The real party only started after the end of last week’s EU summit. Earlier than expected, Eurozone finance ministers agreed on the conditions for a bailout for Cyprus. The bailout programme for Cyprus will be a fully-fledged one, aimed at stabilizing the financial sector, fiscal adjustments and structural reforms to “support competitiveness as well as sustainable and balanced growth, allowing for the unwinding of macroeconomic imbalances”. As announced earlier, there will be an independent evaluation of an anti-money laundering framework. Cyprus has agreed to do a lot to restructure its economy and to increase tax revenues. Probably the most important decision is the one-off levy on bank deposits in Cyprus. This deposit will be 6.75% on deposits with up to 100 000 euro and 9.9% on deposits with more than 100 000 euro. This tax should raise 5.8bn euro. However, measures like “the increase of the withholding tax on capital income, a restructuring and recapitalisation of banks, an increase of the statutory corporate income tax rate and a bail-in of junior bondholders” indicate that the country will get almost a complete overhaul. The size of the bailout package would, in principle, be 10bn euro. Now, the Cypriot parliament will have to agree on the terms of the bailout and other national parliaments will have to give the final green light.

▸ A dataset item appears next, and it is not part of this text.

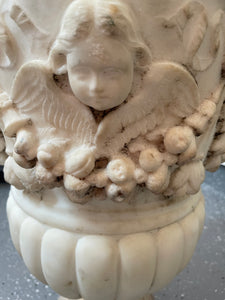 Large 19th Century White Marble Oval Urn with Cherub Motif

This new bailout package is the result of balancing two – sometimes opposing – rationales: an economic and a political one. Politically, it would have been hard to sell a bailout for Cyprus in core Eurozone countries without some kind of bail-in. Economically, however, the bail-in of bank depositors has the potential to create new turmoil and possible bank runs in other peripheral countries if people start to fear similar treatment in the future. During the weekend, political doubts rose in Cyprus and the parliamentarian vote on the bailout was postponed to today. First smaller changes or fine-tunings to the depositor levy have already been announced. To avoid a bank run, depositors who keep their bank accounts for two years will receive securities linked to future revenues from the country’s gas reserves. Moreover, other options currently under discussions are the exemption of smaller deposits from the levy and other sweetener to encourage depositors keeping their money at the banks.
The consequences of last Friday’s decisions are still hard to predict. Today, there will be a bank holiday but tomorrow could start with long queues in front of Cypriot banks. Will depositors in other peripheral countries believe that Cyprus is a special case or will they also run to their banks? Everything seems possible. Fact is that the financial rescue of an island with less than 800 000 inhabitants marks a next step in the euro crisis: after the haircuts on Greek sovereign bonds, there now is the depositor bail-in. A clear message that rescue actions exclusively funded by tax payers money are a thing of the past.